• _Brief descriptive captions_:
──────
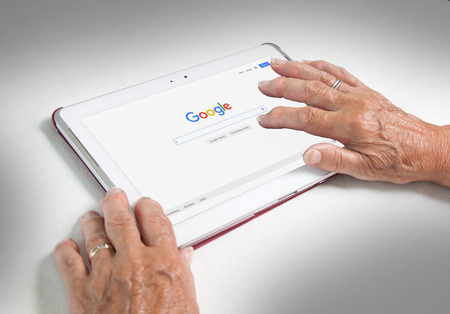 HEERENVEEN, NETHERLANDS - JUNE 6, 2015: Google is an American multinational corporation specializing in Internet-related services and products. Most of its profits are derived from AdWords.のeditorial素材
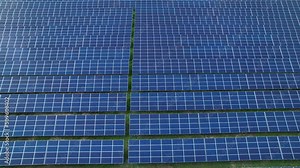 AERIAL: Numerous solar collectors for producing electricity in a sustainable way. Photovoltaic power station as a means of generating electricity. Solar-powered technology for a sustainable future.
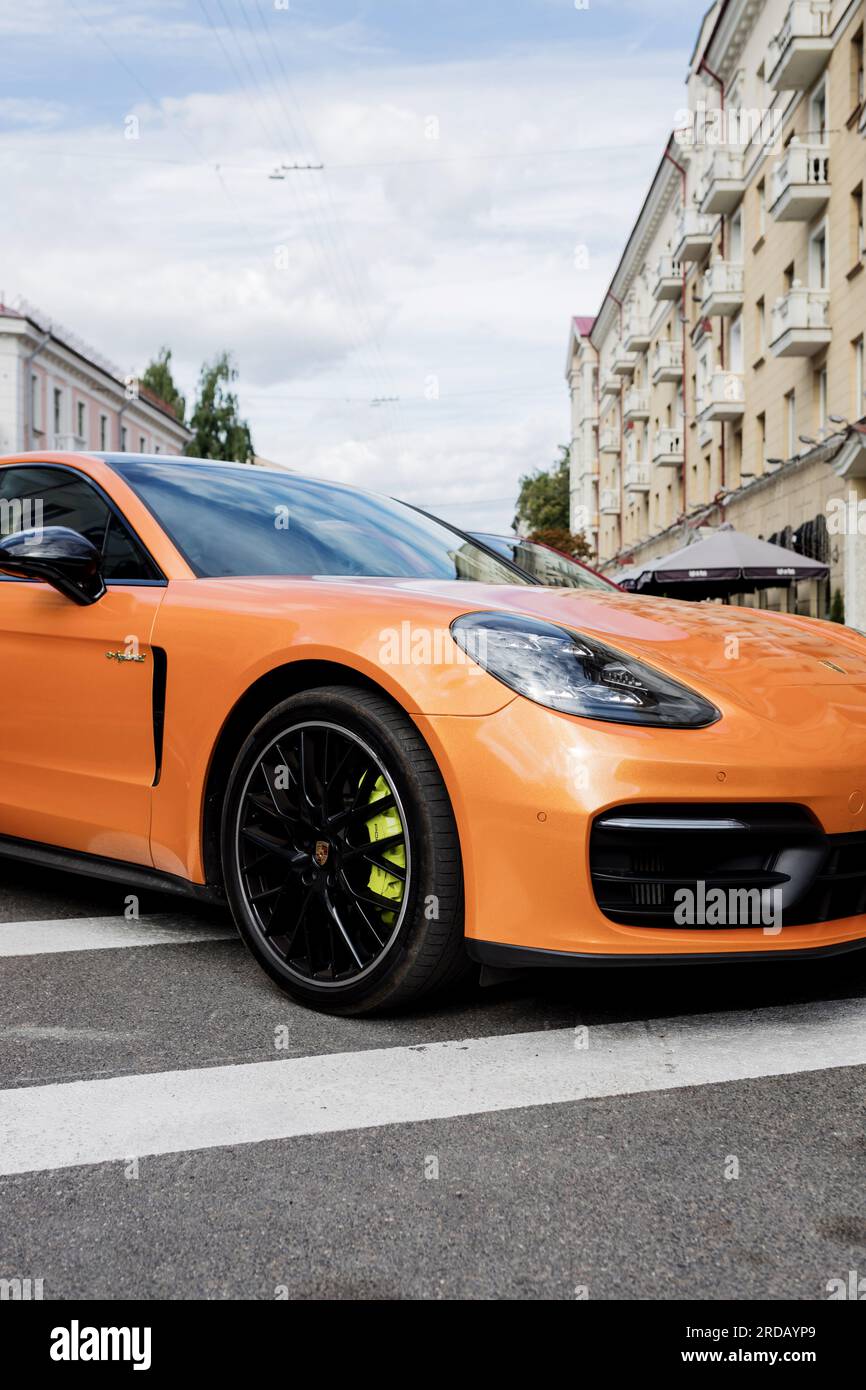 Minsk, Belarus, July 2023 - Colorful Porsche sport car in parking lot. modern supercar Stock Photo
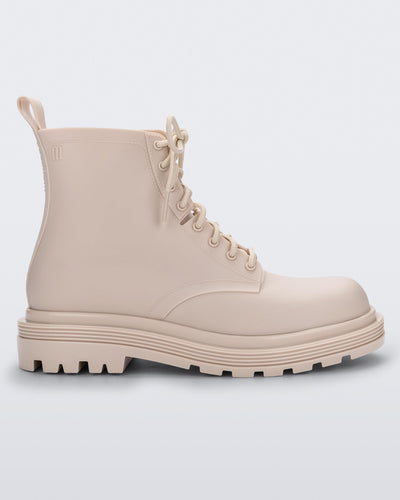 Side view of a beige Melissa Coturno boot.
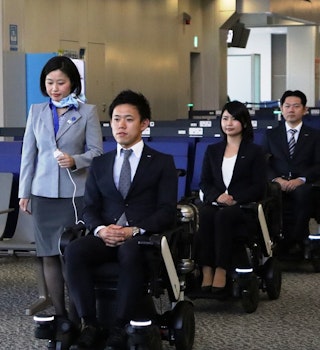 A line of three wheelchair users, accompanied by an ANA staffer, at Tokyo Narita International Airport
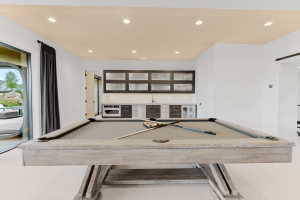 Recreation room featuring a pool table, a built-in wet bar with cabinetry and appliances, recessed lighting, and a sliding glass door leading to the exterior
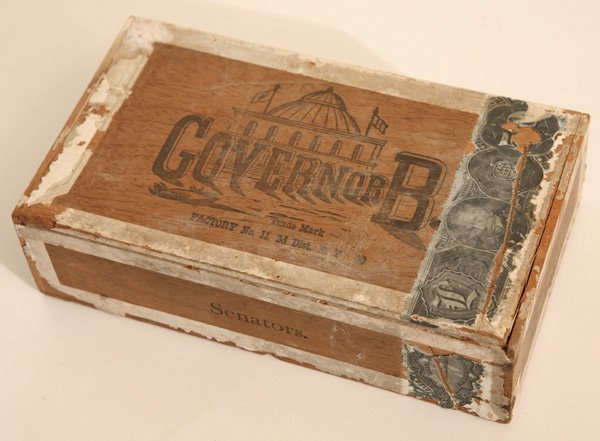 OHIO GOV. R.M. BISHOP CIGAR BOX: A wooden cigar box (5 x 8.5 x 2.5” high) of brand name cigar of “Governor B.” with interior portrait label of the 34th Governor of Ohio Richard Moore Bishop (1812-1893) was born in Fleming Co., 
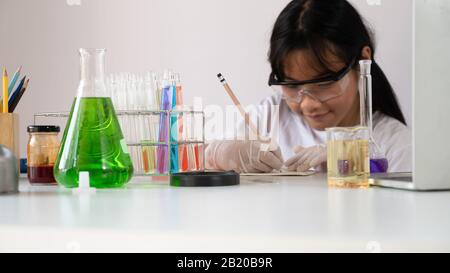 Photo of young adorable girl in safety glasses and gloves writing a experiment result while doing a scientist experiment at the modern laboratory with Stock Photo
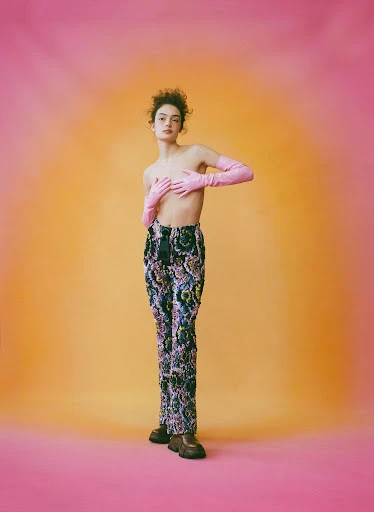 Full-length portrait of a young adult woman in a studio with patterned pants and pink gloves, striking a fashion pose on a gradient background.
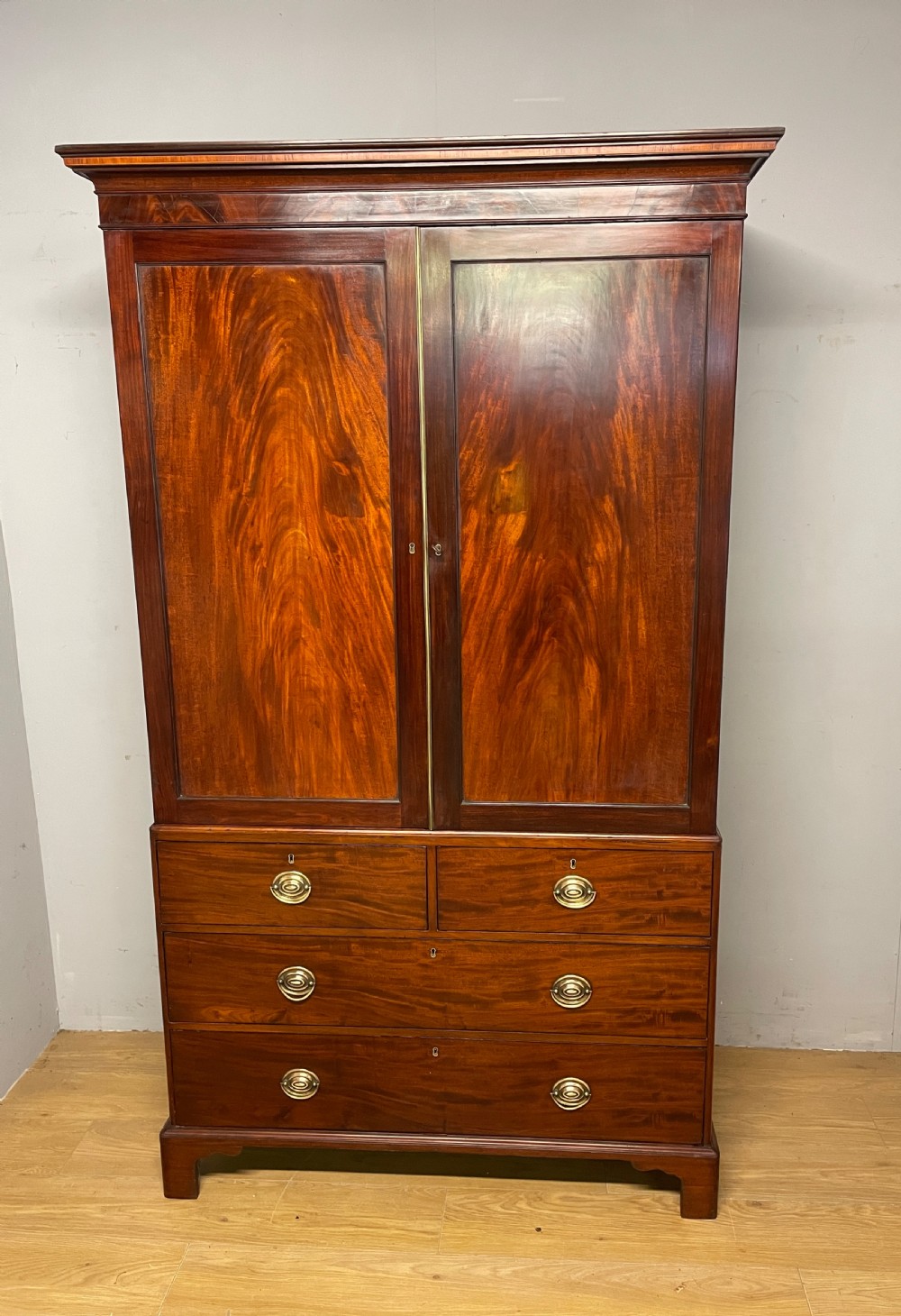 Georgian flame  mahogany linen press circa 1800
──────
• _PROBLEM STATEMENT_: Type out the data above again exactly as written, minus the images.

• _SOLVED EXERCISE_:
 HEERENVEEN, NETHERLANDS - JUNE 6, 2015: Google is an American multinational corporation specializing in Internet-related services and products. Most of its profits are derived from AdWords.のeditorial素材
 AERIAL: Numerous solar collectors for producing electricity in a sustainable way. Photovoltaic power station as a means of generating electricity. Solar-powered technology for a sustainable future.
 Minsk, Belarus, July 2023 - Colorful Porsche sport car in parking lot. modern supercar Stock Photo
 Side view of a beige Melissa Coturno boot.
 A line of three wheelchair users, accompanied by an ANA staffer, at Tokyo Narita International Airport
 Recreation room featuring a pool table, a built-in wet bar with cabinetry and appliances, recessed lighting, and a sliding glass door leading to the exterior
 OHIO GOV. R.M. BISHOP CIGAR BOX: A wooden cigar box (5 x 8.5 x 2.5” high) of brand name cigar of “Governor B.” with interior portrait label of the 34th Governor of Ohio Richard Moore Bishop (1812-1893) was born in Fleming Co., 
 Photo of young adorable girl in safety glasses and gloves writing a experiment result while doing a scientist experiment at the modern laboratory with Stock Photo
 Full-length portrait of a young adult woman in a studio with patterned pants and pink gloves, striking a fashion pose on a gradient background.
 Georgian flame  mahogany linen press circa 1800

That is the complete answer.